A power line and a control line are connected to the yaw soccer hoop, the roll soccer hoop and the pitch soccer hoop, respectively, and are controlled by a controller 50 such as a PC, and the driving motors M1, M2 and M3, A servo motor or a BLDC motor is used so that accurate rotation control can be performed and a portion of the lower frame 20 through which the yaw axis and the roll axis 23 pass and the portion of the first ring 30 through which the pitch axis Z passes are respectively The bearings B are provided so as to smoothly rotate while supporting the drive shafts X, Y and Z. With this structure, the drive shafts X, Y and Z are independently controlled and rotated.

On the other hand, when the multi-rotor is tested as described above, the multi-rotor is installed at the center of the seating portion 41 having a positive (+) shape and is tested only at one side of the lower frame 20 and the first ring 30 The roll shaft X and the pitch axis Z are subjected to unbalanced load so that the yaw axis Y, the roll axis X and the pitch axis Z are precisely controlled Even with this unbalanced load, the unbalance of the moment of inertia based on these axes occurs and it is difficult to control accurately.
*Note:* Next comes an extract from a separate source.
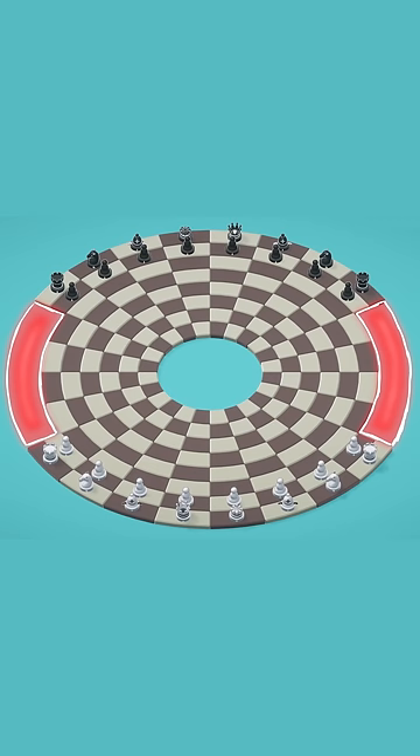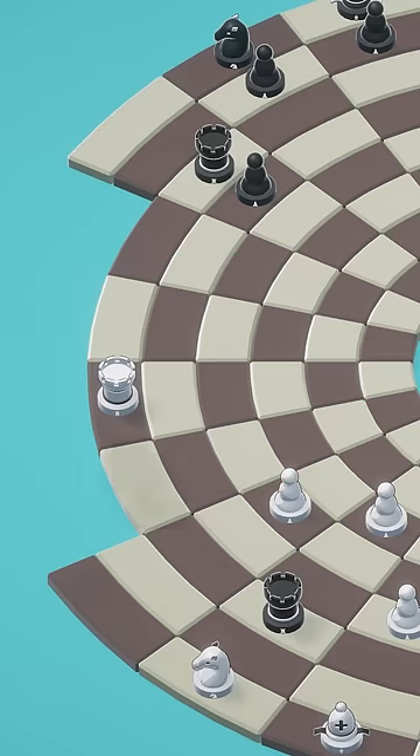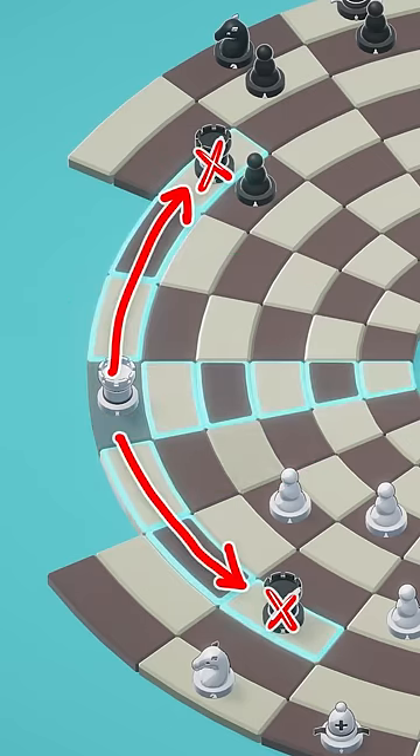Some squares are missing on the outer rings to prevent the rooks from capturing each other right away. The rings make rooks and queens extremely powerful. Not only can they move around the entire board, but they can also do so in either direction. This means that in order to block their movement, they need to be blocked from both directions.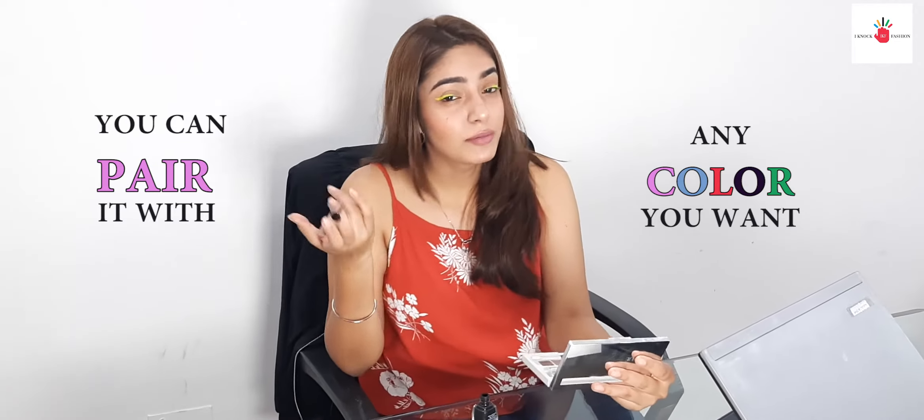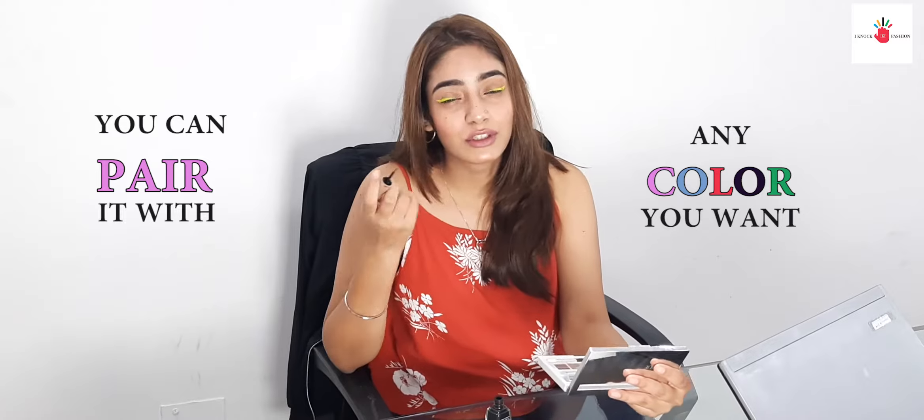So now you can see I'm finished with my neon liner. I'll finish the look with some black eyeliner to give it depth. If you want, you can leave it alone, but I like it with the liner.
Accordingly, in the present invention, the end portion of the roll axis X, which is not provided with the roll sole portion of the pair of roll axes X and protrudes outside the first ring 30, and the end portion of the roll axis X, (I) such as a weight can be installed on the end of the pitch axis Z protruding outward of the first ring 30 without being provided with the second ring 40. In addition, The inertia moment adjusting member I can be installed on each of the pair of bars constituting the mounting portion 41 provided on the mounting portion 41. The inertia moment adjusting member I installed on the bar of the mounting portion 41 So that the installation position thereof can be changed.

When the inertial moment adjusting member is provided on the roll axis X, the pitch axis Z and the seat 41, the inertial moment adjusting member I The weight and the installation position of the inertia moment adjusting member I are set so that when the inertia moment adjusting member I is positioned on the roll axis X and the pitch axis Z and the seat 41 respectively, The center of gravity of the multi-rotor 1 and the center of gravity of the test apparatus are precisely aligned with each other by the weight and the position of the ring 30 and the second ring 40, An accurate and reliable performance evaluation for the multi-rotor 1 can be achieved while correct control is achieved when each of these axes is controlled through the control shaft 50. [

In the test apparatus of the present invention, a goniometer, a rotational speed sensor, an angle sensor, an angular velocity sensor, and a strain gauge are installed so that the control state and the test results can be confirmed. The goniometer includes a first ring 30 and a second ring 40, (Y) and the pitch axis (Z) of the yaw soccer so that the tilt angle of the multi-rotor (1) can be measured, and the tachometer (Z) And the angle sensor and the angular velocity sensor are provided at the center of the seat portion 41 to measure the angle and the rotational angular velocity of the multi-rotor 1 in real time, The results respectively detected by the sensors are transmitted to the controller 50, which will be described later, in real time.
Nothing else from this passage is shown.